El descubrimiento del “mausoleo” construido para cobijar los restos de combatientes senderistas nos recuerda que todavía existe una ideología, una estética y un ritual, que convoca adherentes. Al igual que en el pasado, esta vez el brazo político de Sendero –el Movadef– define la discusión centrándola en el reino de la muerte. Petardear el mausoleo, sacar a los muertos y tirarlos sabe Dios dónde es la respuesta airada de quienes deberían preguntarse por qué, luego de tantos años de la derrota militar, la narrativa senderista aún despierta profundas emociones. Tantas y tan fuertes que incluso es capaz de liberar a los monstruos que muy quietos yacen detrás de cifras económicas a la alza. 

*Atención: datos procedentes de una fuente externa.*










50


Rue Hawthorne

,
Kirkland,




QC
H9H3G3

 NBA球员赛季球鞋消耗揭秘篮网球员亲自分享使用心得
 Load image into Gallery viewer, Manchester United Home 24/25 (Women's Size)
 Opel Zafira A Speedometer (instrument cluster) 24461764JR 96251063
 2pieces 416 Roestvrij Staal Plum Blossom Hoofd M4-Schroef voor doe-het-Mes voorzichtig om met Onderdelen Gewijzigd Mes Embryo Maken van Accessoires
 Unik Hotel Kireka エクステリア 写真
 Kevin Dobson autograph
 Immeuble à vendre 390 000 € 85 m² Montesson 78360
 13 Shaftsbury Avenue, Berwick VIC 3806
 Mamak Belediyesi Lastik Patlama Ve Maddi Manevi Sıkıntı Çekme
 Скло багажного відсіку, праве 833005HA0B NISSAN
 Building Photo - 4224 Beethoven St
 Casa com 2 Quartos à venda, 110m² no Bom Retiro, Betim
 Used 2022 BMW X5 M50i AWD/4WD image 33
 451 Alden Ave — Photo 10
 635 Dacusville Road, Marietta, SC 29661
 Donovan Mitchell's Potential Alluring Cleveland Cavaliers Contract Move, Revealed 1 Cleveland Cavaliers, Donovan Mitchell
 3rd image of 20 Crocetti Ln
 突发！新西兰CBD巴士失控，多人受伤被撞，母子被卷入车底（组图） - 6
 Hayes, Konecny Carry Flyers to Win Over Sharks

“Somos los iniciadores”, afirmó Abimael Guzmán en uno de los discursos que preludió al reinado del horror. Pienso que ha llegado el momento de revertir la tendencia e iniciar un proyecto de vida en común. Porque creo en los efectos positivos de la educación, la cultura y la belleza, me permito apelar a la imagen de la quina sanadora que decora nuestro escudo patrio. Y, también, a las palabras de Barbara D’Achille para quien el árbol, con su raíz profunda y sus ramas coposas, constituye la expresión más elaborada de la vida; una vida que ella, como miles de héroes anónimos que esperan nuestro reconocimiento, defendieron hasta el final.